For every entry, reproduce the wording exactly and omit any image it holds.

(Records from a dataset)
^^^^
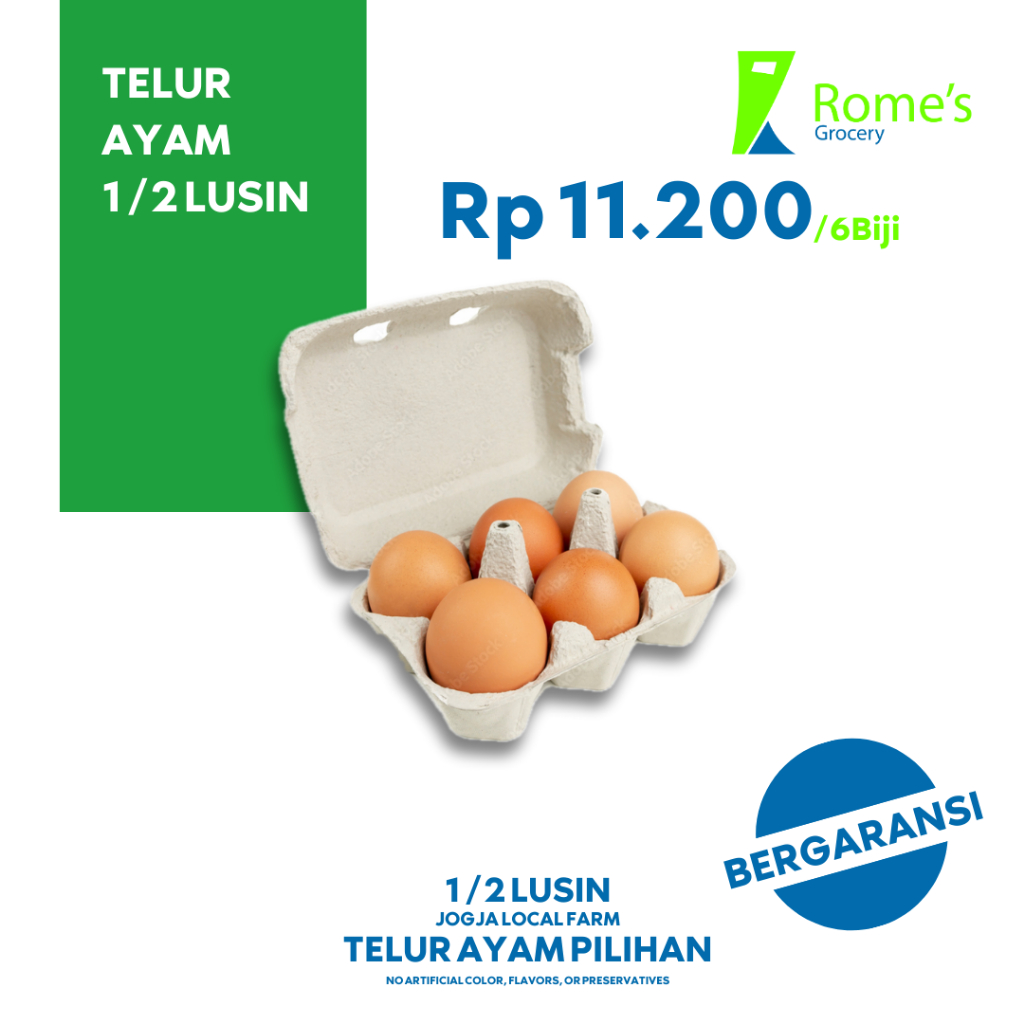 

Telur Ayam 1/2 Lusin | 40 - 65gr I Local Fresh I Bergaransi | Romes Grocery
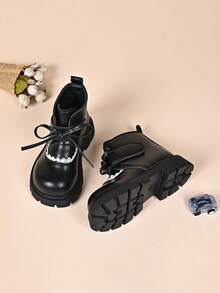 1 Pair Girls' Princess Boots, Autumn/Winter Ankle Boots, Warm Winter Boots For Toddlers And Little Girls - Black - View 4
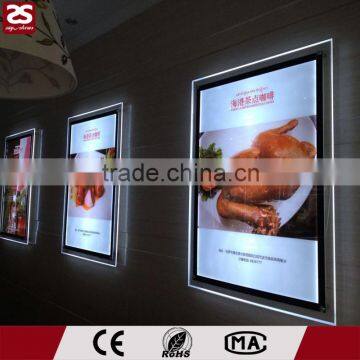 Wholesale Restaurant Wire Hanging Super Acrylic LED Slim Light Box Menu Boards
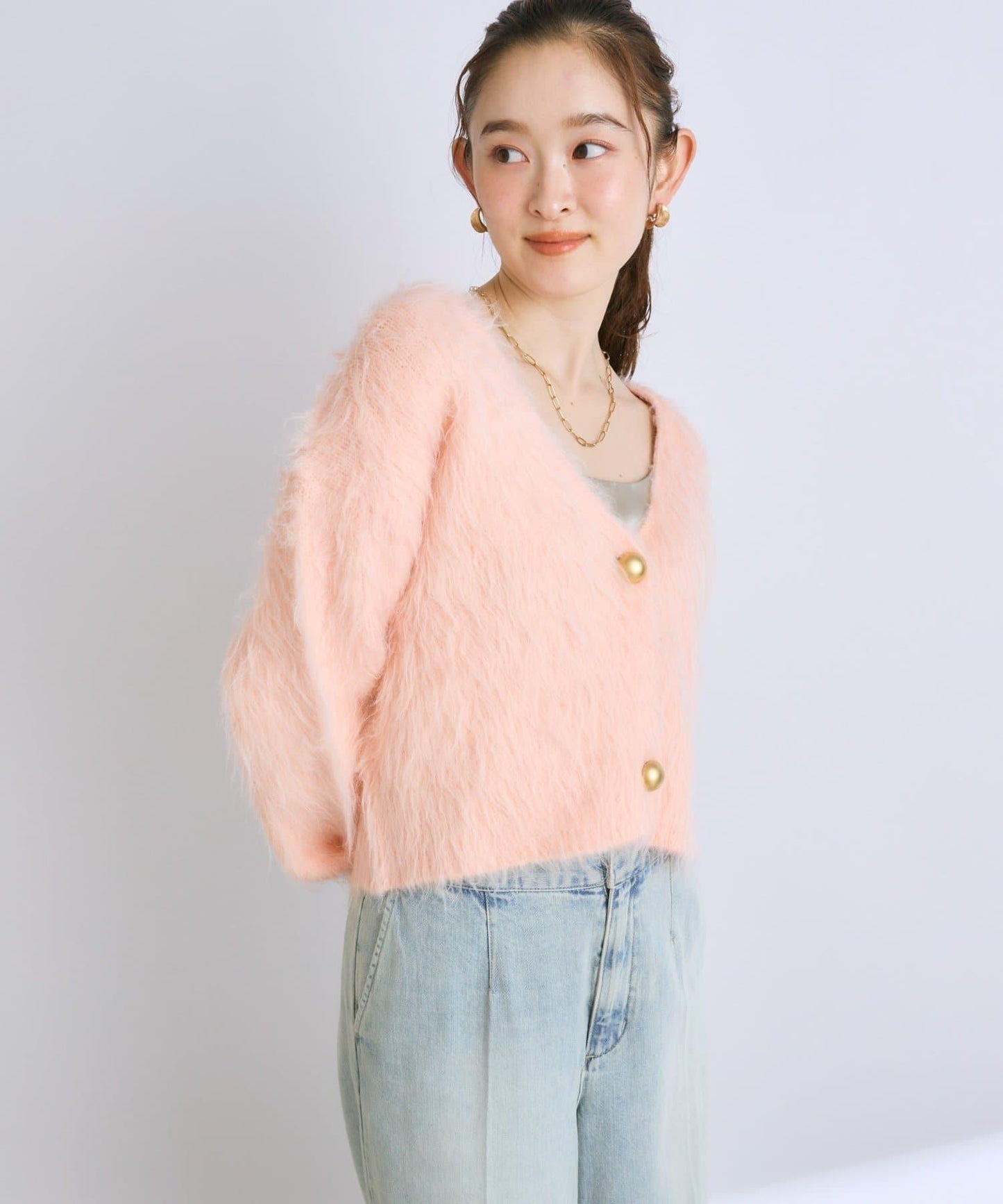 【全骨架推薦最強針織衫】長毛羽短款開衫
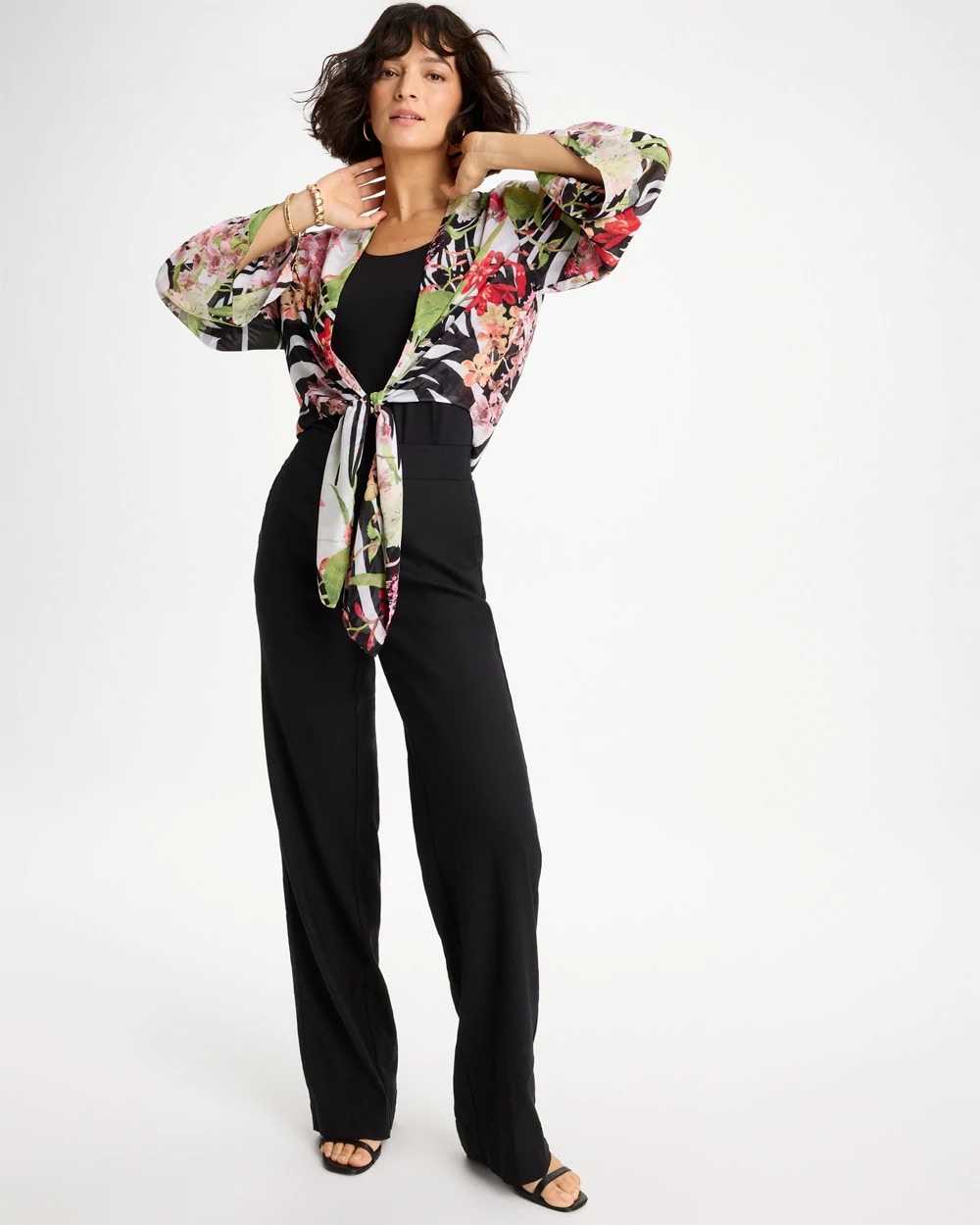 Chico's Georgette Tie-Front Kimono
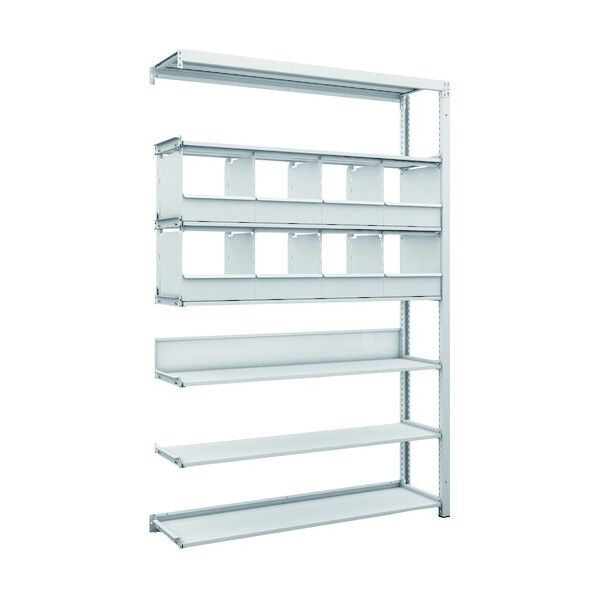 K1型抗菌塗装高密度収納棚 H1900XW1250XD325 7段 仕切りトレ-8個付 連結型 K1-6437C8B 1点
^^^^
REPLY TO THE EXERCISE:
Telur Ayam 1/2 Lusin | 40 - 65gr I Local Fresh I Bergaransi | Romes Grocery
 1 Pair Girls' Princess Boots, Autumn/Winter Ankle Boots, Warm Winter Boots For Toddlers And Little Girls - Black - View 4
 Wholesale Restaurant Wire Hanging Super Acrylic LED Slim Light Box Menu Boards
 【全骨架推薦最強針織衫】長毛羽短款開衫
 Chico's Georgette Tie-Front Kimono
 K1型抗菌塗装高密度収納棚 H1900XW1250XD325 7段 仕切りトレ-8個付 連結型 K1-6437C8B 1点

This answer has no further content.